9/10 from Mike (Staff) on 06 June 2013
I have right here the new split between Ensemble Economique (aka Starving Weirdos’ Brian Pyle) and Heroin In Tahiti, who are a new name to me but apparently had an acclaimed album out last year. From what I’d previously heard by Ensemble Economique I was expecting his side to be quite synth heavy but actually it’s a murky tropical post-punk thing like Dirty Beaches jamming with Fabio Frizzi - opener ‘I Light My Cigarette, I See YOU There’ has cold echoing guitar underpinned with a burbling exotic rhythm for a smoky tropical mystery. ‘NO Highway’ and ‘Desir, DESIRE’ bring the synths in more but still with the coldly buzzing guitar tones and hypnotically puttering rhythms. By the end of the latter the synths have really come to the fore for some ace Decimus-meets-John Carpenter chills. Superb.
Over on Heroin in Tahiti’s side is a five-parter called ‘Black Vacation’ which seems to be a bit of a concept piece - it opens on ‘Departing’ with samples of airport announcements and glacial synth drones, then on ‘Welcome To Paradise Island’ there’s birdsong and then a tropical melody on a distant, wibbly Morricone-esque surfy guitar comes in accompanied by hypnotic layered rhythms. This reverie is disturbed by ‘At The Edge of the Jungle’ with a shuffling tribal funk groove dark blasts of reverbed bassy synth (or is it a tuba?), then some jazzy brass and woodwind tones come in while all the while birds and crickets chirrup away...there’s so much going on that it’s quite dizzying at times and it really does give the feeling, as much as a record can, of going on a mysterious tropical adventure.

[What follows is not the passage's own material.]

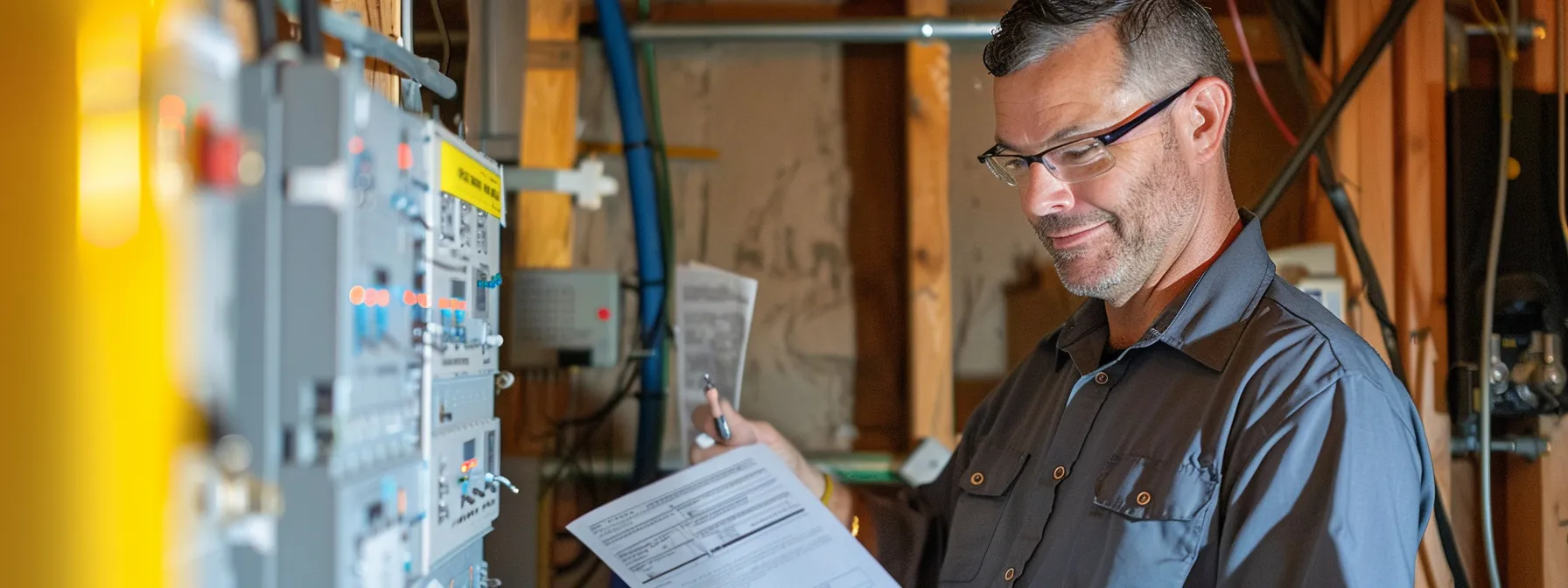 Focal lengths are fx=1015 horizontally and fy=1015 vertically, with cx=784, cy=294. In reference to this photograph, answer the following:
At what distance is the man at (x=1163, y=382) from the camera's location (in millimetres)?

‘Whispers from the Quicksand’ has lots of hissing static and descending synth drones, decaying into a mush of music box chimes and distant rumbles before closer ‘Blood Before Dawn’ brings back that surf guitar alongside a spooky mechanical beat and more distant synth swirling, kind of like Plantagenet 3 but with strange Sun Araw-ish dubby touches...towards the end it’s kind of like Ela Orleans only with horror movie screams and scythingly loud Link Wray guitar swoops. Mindblowing stuff on both sides, then. Very highly recommended!
9/10 according to Roni (customer) on 28th July 2013
Truly, truly a superb album. I won't be able to do it justice through mere words alone but your reviewer has it pretty much spot on.
It's like some kind of tropical musical adventure. Jam packed with all of the influences you treasure, the sounds your soul craves and lashings of lovely, lovely drugs.
Put it this way. If you've ever looked out at an ocean (a proper ocean, not a mere sea) and wondered what would happen if you were to just walk out into it and keep on walking then this album is basically the aural equivalent of that. I imagine.
Anti-holiday music. Or, perfect summer music for those who prefer their summers not to be soundtracked by the likes of those Jamie Oliver twats down the road from me playing Daft Punk and Franz Ferdinand all day long. You can shove your Sainsburys-inspired barbecues up your arseholes...I have Heroin In Tahiti!